Unlike in industrial construction, the new materials and production techniques of the era did not find their way into residential construction on a large scale until the 1920s: the representatives of the "New Building" now used concrete and mass-produced building elements instead of bricks. In housing estates such as those built by Ernst May in "New Frankfurt" or Walter Gropius in Dessau-Törten, standardised houses were built with white façades and flat roofs in clear shapes. The aim was maximum functionality at low cost - even in the furnishings: many architects designed furniture according to the same principle. Margarete Schütte-Lihotzky created the first ergonomically planned fitted kitchen with the "Frankfurt Kitchen".

Standardisation, however, led to reforming aspects such as lighting and greening taking a back seat again. Thus, the influential "Bauhaus" founder Gropius, who adhered to the idea of the "residential community", advocated the construction of "large houses". This concept reached a high point in the work of the architect and artist Le Corbusier. He realised his idea of a "house city" in 1952 in the "Unités d'Habitation" in Marseille: a huge concrete block with more than 300 flats, into which a kind of street network and two storeys of shops were built. Although glaring deficiencies soon came to light, the complex had a strong influence on housing construction.

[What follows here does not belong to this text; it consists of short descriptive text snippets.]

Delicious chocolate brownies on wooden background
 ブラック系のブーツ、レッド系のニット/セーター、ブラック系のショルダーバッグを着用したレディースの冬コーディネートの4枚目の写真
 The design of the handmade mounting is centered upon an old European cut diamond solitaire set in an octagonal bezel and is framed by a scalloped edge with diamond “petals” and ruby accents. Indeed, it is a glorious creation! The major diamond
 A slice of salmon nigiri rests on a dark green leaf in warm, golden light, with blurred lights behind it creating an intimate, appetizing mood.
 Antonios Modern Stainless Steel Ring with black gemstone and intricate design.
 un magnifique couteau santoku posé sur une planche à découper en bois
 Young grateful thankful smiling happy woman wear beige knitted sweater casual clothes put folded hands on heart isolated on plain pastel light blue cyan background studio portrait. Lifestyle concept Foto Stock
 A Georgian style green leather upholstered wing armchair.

In the Soviet Union, the ideal of communal living was further developed into the concept of the "socialist city": simple but comfortable flats, lots of green space and shared recreational facilities were ultimately supposed to produce a "New Man". The concept was put into practice after the Second World War when numerous satellite towns were founded for the workers of the gigantic new industrial plants in the socialist states: for example in Magnitogorsk in Russia, Nowa Huta in Poland or Eisenhüttenstadt in the former GDR. But in the centrally controlled urban development, all that remained of the once emancipative ideal were mostly long rows of standardised apartment blocks, built of prefabricated wall panels in park-like grounds.